→ Data:
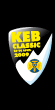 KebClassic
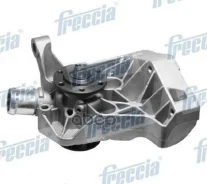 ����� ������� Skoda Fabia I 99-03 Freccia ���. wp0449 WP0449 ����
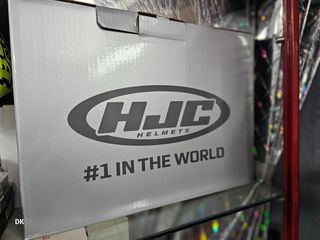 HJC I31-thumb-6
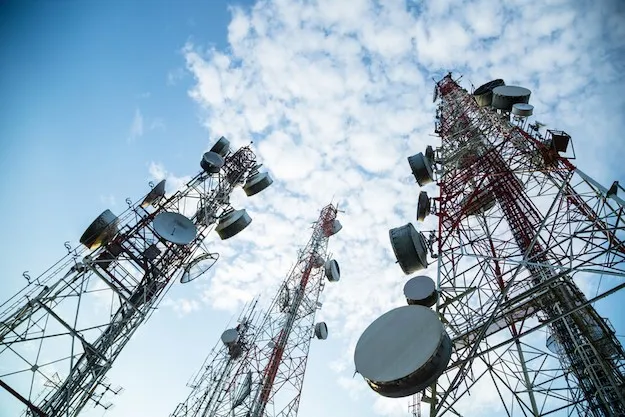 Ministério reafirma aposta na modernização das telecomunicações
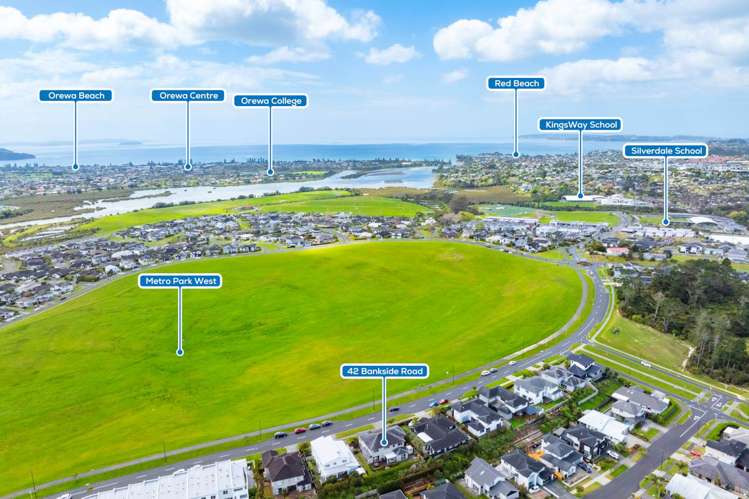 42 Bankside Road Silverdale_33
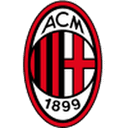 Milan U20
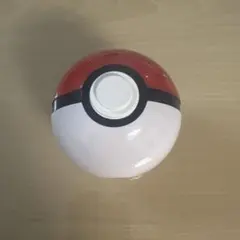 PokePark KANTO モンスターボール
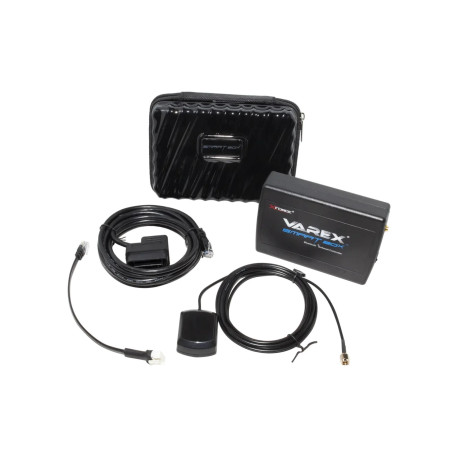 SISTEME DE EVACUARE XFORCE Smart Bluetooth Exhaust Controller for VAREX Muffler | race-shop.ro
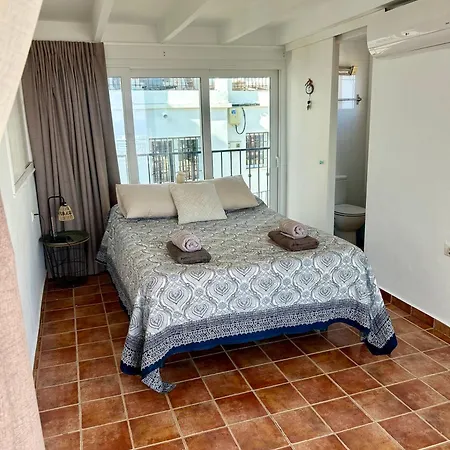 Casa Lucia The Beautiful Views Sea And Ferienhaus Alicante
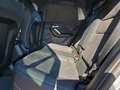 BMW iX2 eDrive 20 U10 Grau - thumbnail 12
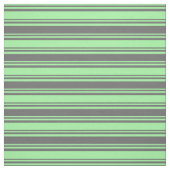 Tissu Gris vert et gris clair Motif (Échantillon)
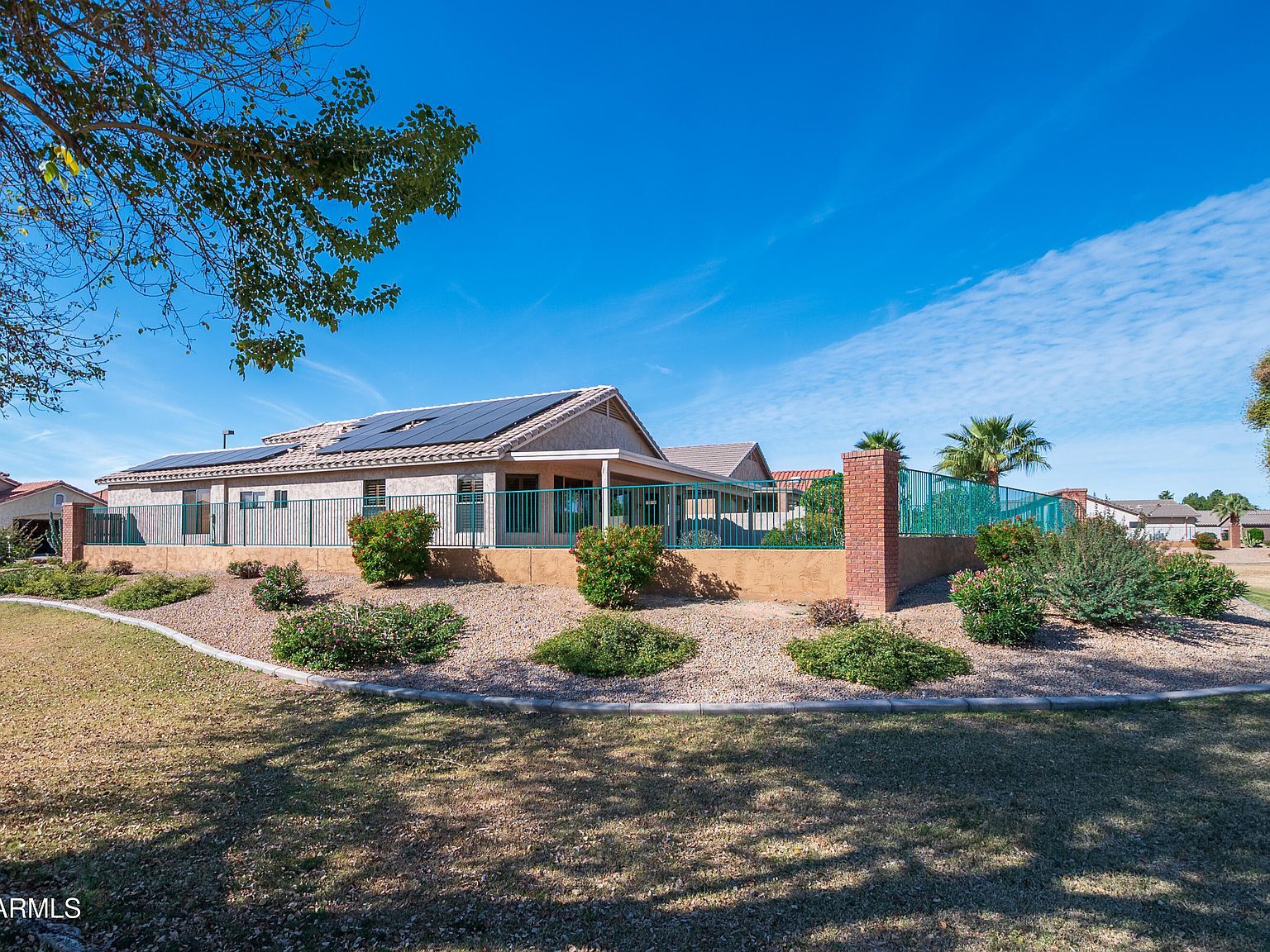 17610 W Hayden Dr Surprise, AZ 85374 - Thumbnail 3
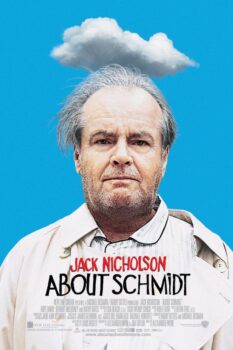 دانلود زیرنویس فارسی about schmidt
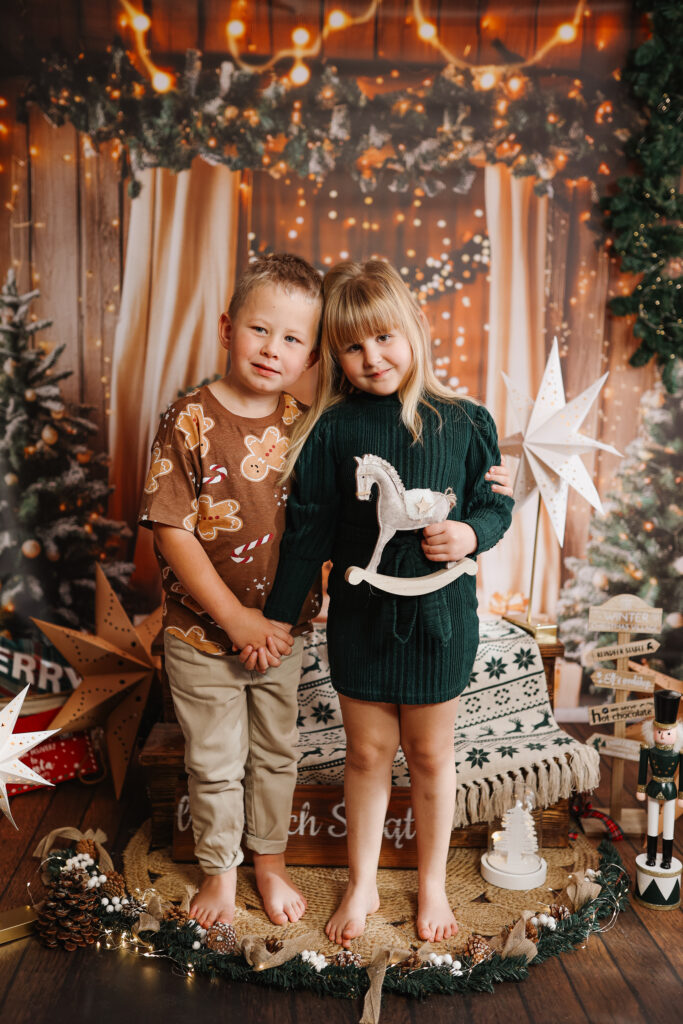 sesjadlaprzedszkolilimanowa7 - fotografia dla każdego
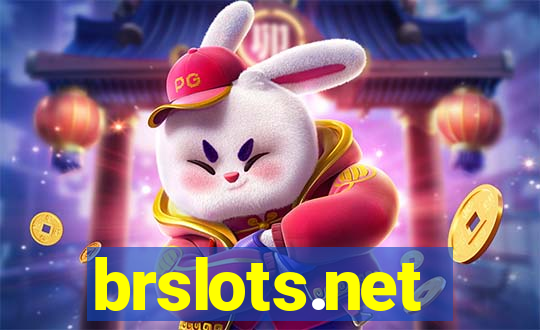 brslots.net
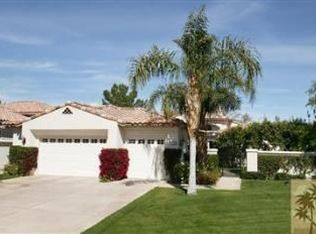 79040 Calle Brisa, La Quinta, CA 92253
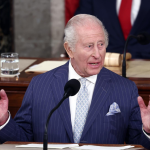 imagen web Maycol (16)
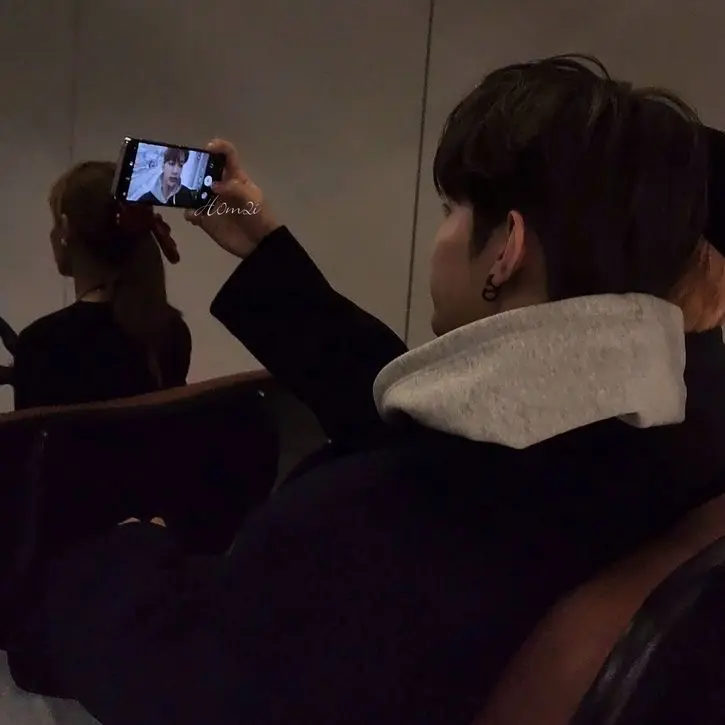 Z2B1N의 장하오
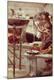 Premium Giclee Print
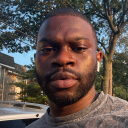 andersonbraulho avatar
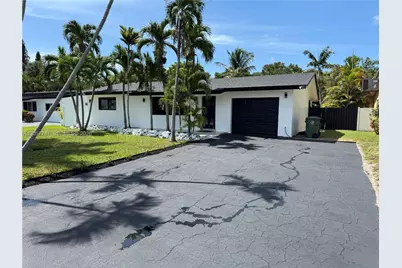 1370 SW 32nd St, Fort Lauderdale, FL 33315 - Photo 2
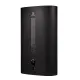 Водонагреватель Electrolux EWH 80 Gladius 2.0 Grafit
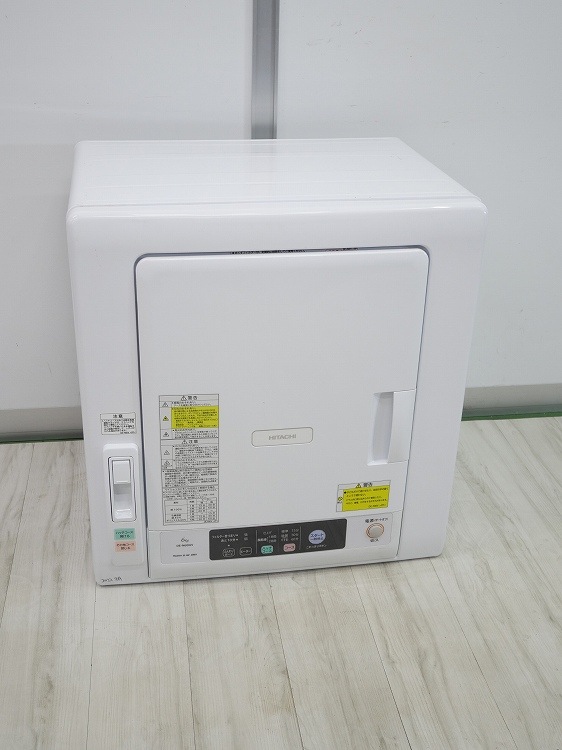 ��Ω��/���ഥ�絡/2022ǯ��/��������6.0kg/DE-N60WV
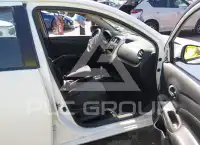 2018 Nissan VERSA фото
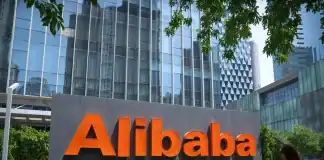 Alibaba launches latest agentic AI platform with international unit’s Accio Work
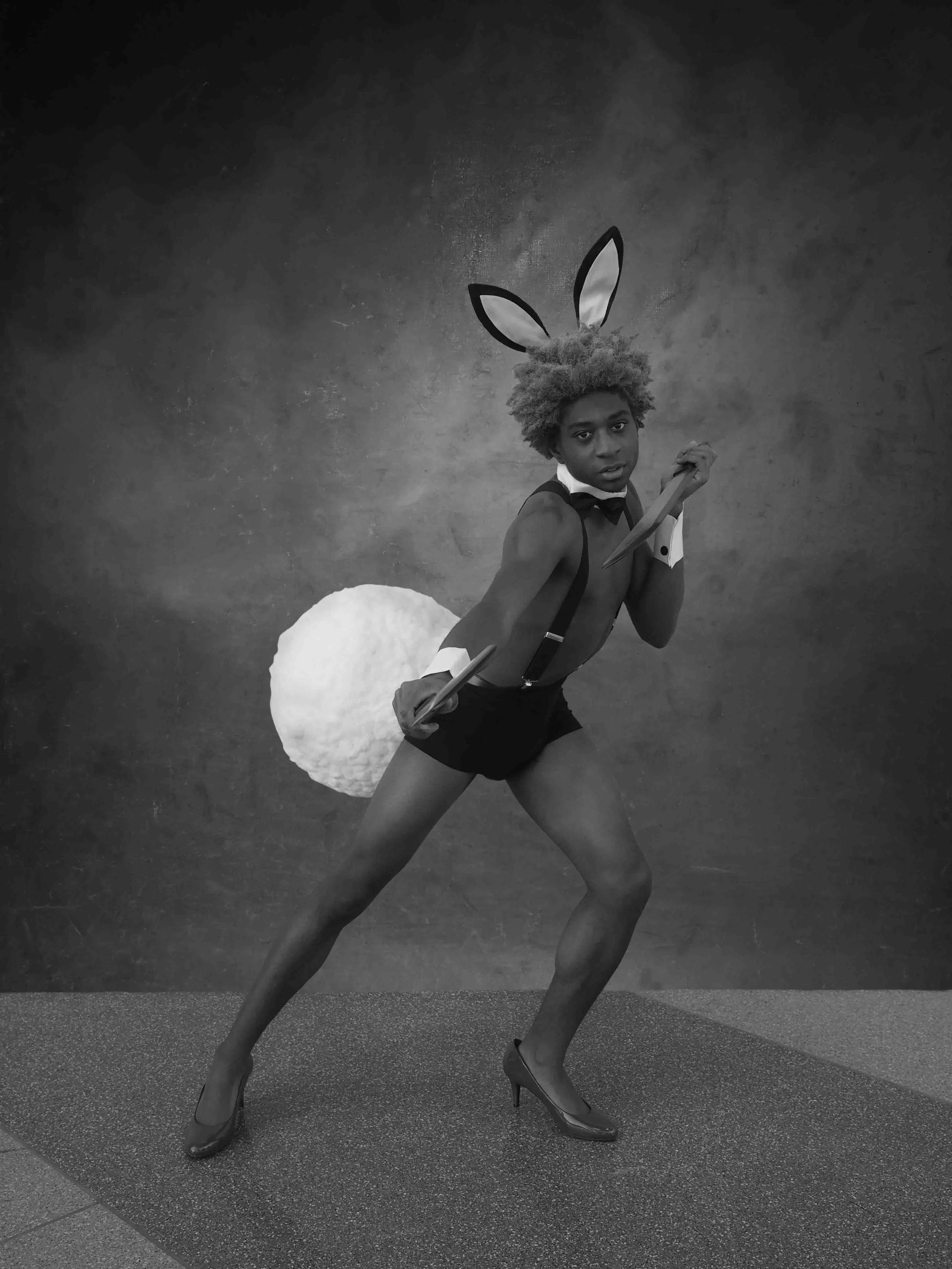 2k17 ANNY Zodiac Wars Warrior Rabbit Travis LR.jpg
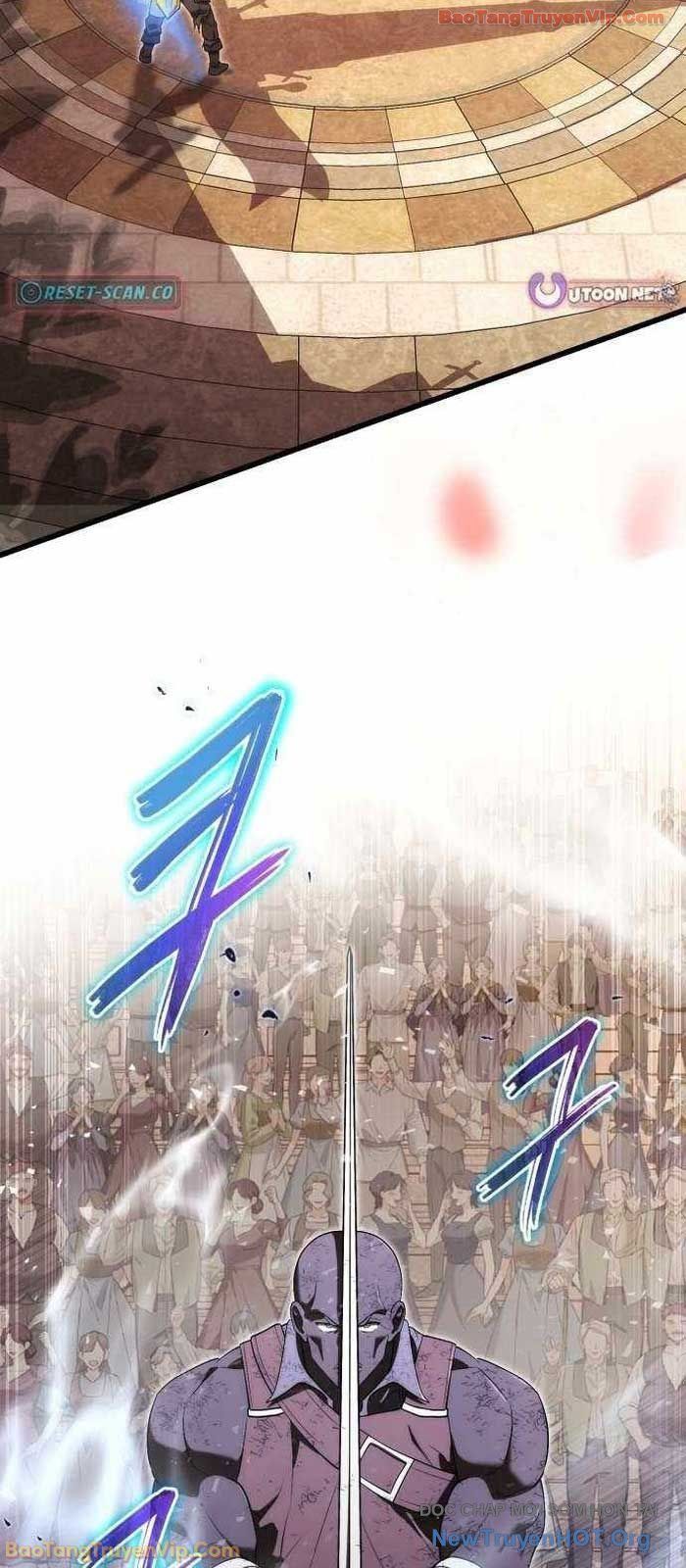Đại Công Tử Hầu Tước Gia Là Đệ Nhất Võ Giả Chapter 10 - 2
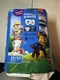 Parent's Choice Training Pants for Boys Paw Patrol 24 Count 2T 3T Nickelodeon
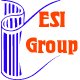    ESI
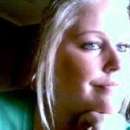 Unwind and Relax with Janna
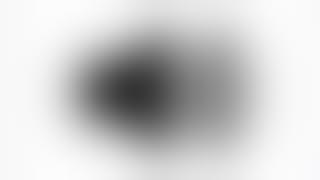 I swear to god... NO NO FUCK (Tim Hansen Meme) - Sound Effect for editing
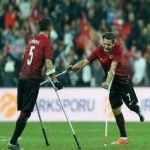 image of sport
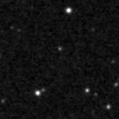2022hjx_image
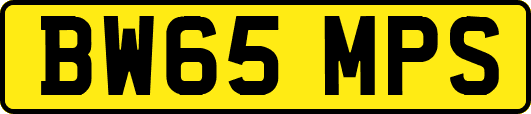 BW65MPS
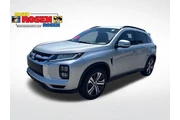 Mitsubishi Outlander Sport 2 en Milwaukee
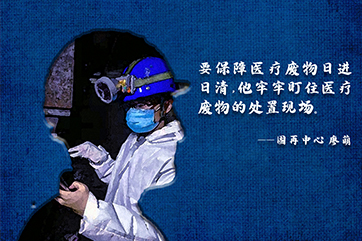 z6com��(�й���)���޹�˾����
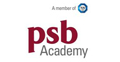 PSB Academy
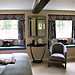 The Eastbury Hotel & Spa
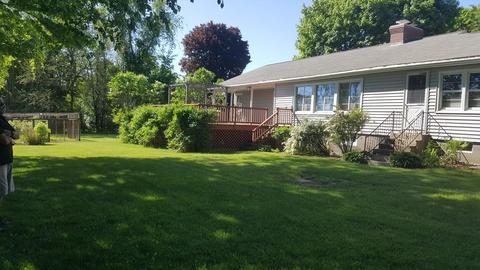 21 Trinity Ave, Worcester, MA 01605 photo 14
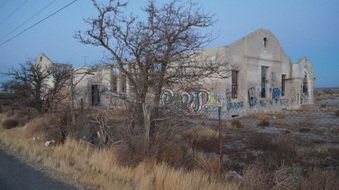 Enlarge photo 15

→ Assignment: Leaving out only the pictures, reproduce the listing exactly.

→ Response area:
 KebClassic
 ����� ������� Skoda Fabia I 99-03 Freccia ���. wp0449 WP0449 ����
 HJC I31-thumb-6
 Ministério reafirma aposta na modernização das telecomunicações
 42 Bankside Road Silverdale_33
 Milan U20
 PokePark KANTO モンスターボール
 SISTEME DE EVACUARE XFORCE Smart Bluetooth Exhaust Controller for VAREX Muffler | race-shop.ro
 Casa Lucia The Beautiful Views Sea And Ferienhaus Alicante
 BMW iX2 eDrive 20 U10 Grau - thumbnail 12
 Tissu Gris vert et gris clair Motif (Échantillon)
 17610 W Hayden Dr Surprise, AZ 85374 - Thumbnail 3
 دانلود زیرنویس فارسی about schmidt
 sesjadlaprzedszkolilimanowa7 - fotografia dla każdego
 brslots.net
 79040 Calle Brisa, La Quinta, CA 92253
 imagen web Maycol (16)
 Z2B1N의 장하오
 Premium Giclee Print
 andersonbraulho avatar
 1370 SW 32nd St, Fort Lauderdale, FL 33315 - Photo 2
 Водонагреватель Electrolux EWH 80 Gladius 2.0 Grafit
 ��Ω��/���ഥ�絡/2022ǯ��/��������6.0kg/DE-N60WV
 2018 Nissan VERSA фото
 Alibaba launches latest agentic AI platform with international unit’s Accio Work
 2k17 ANNY Zodiac Wars Warrior Rabbit Travis LR.jpg
Đại Công Tử Hầu Tước Gia Là Đệ Nhất Võ Giả Chapter 10 - 2
 Parent's Choice Training Pants for Boys Paw Patrol 24 Count 2T 3T Nickelodeon
    ESI
 Unwind and Relax with Janna
 I swear to god... NO NO FUCK (Tim Hansen Meme) - Sound Effect for editing
 image of sport
2022hjx_image
 BW65MPS
 Mitsubishi Outlander Sport 2 en Milwaukee
 z6com��(�й���)���޹�˾����
 PSB Academy
 The Eastbury Hotel & Spa
 21 Trinity Ave, Worcester, MA 01605 photo 14
 Enlarge photo 15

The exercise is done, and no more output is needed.